[SUPPLIED INFORMATION — start]
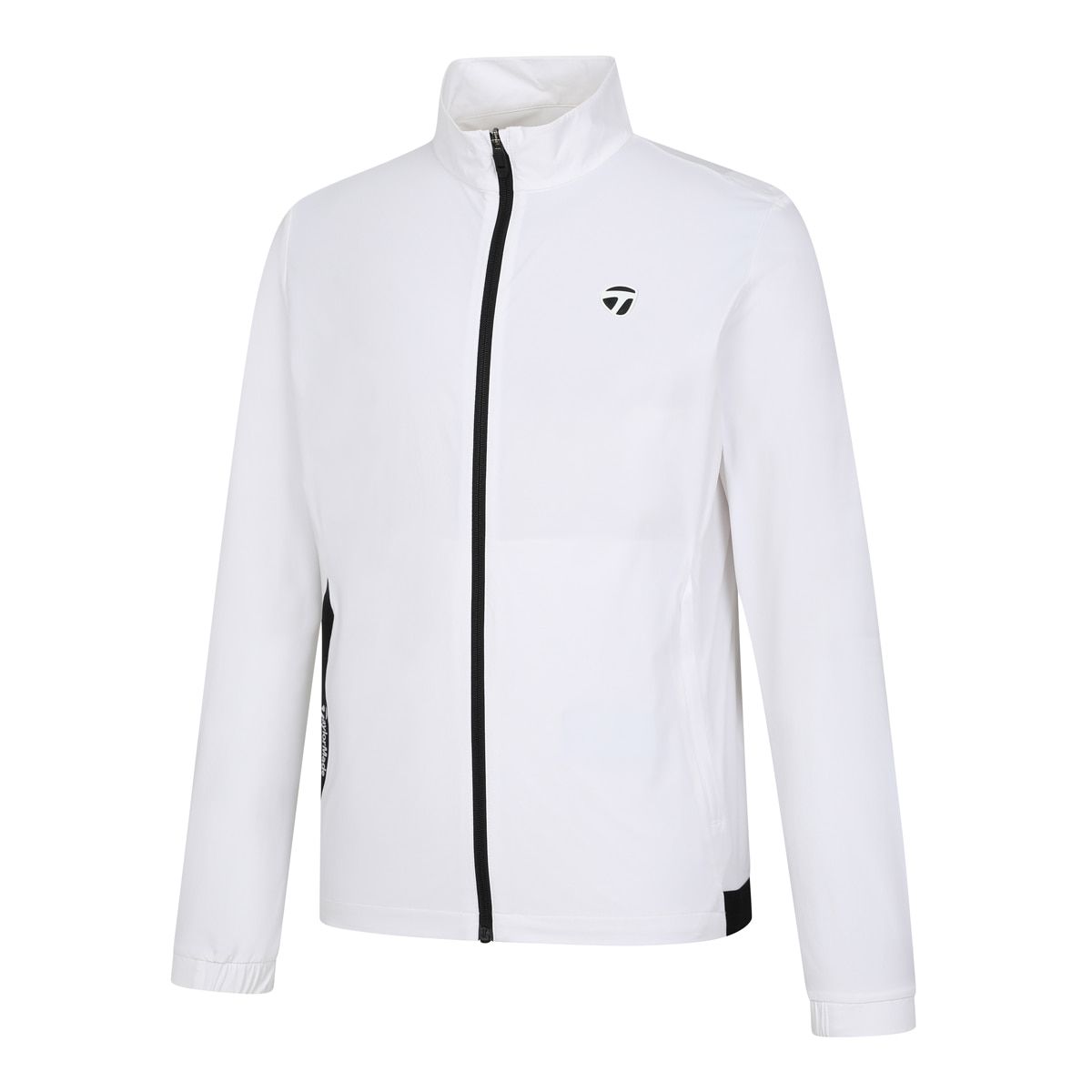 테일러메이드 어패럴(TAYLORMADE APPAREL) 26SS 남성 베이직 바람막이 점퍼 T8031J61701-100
[SUPPLIED INFORMATION — finish]
[SUPPLIED INFORMATION — start]
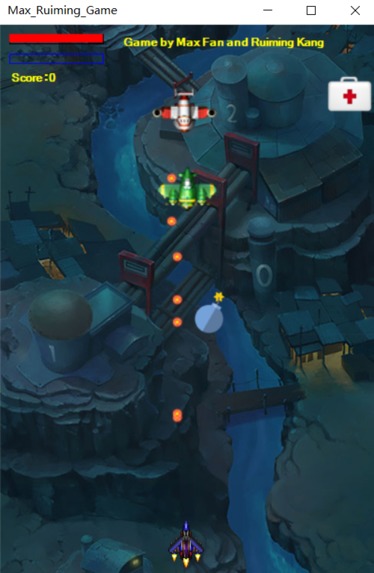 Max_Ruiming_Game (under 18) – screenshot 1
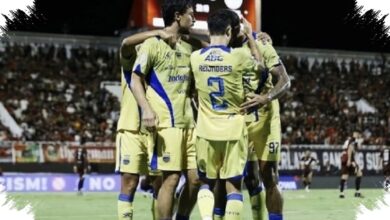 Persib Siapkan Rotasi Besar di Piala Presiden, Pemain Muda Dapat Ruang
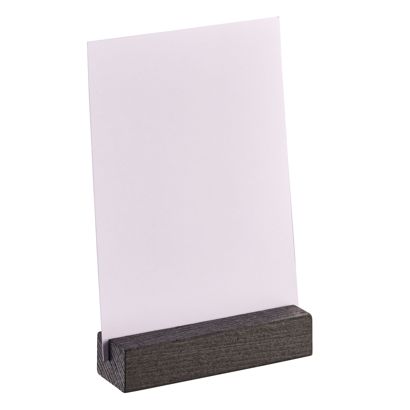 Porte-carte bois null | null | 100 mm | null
[SUPPLIED INFORMATION — finish]
[SUPPLIED INFORMATION — start]
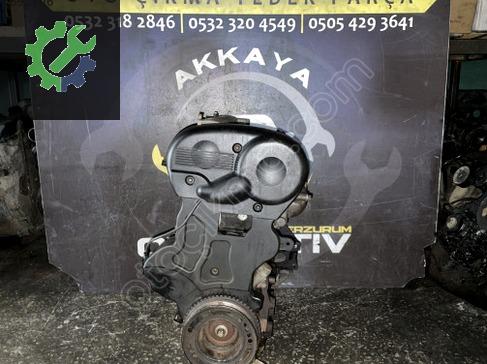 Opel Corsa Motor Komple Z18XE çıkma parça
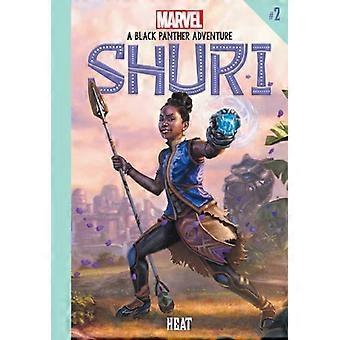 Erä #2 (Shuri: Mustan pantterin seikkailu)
[SUPPLIED INFORMATION — finish]
## WORK INSTRUCTIONS
A verbatim reproduction is expected: starting at the line above that has "Max_Ruiming_Game (under 18) – screenshot 1", ending at the line that has "Porte-carte bois null | null | 100 mm | null", both included, and with no pictures and no other lines.

## TASK RESULT
 Max_Ruiming_Game (under 18) – screenshot 1
 Persib Siapkan Rotasi Besar di Piala Presiden, Pemain Muda Dapat Ruang
 Porte-carte bois null | null | 100 mm | null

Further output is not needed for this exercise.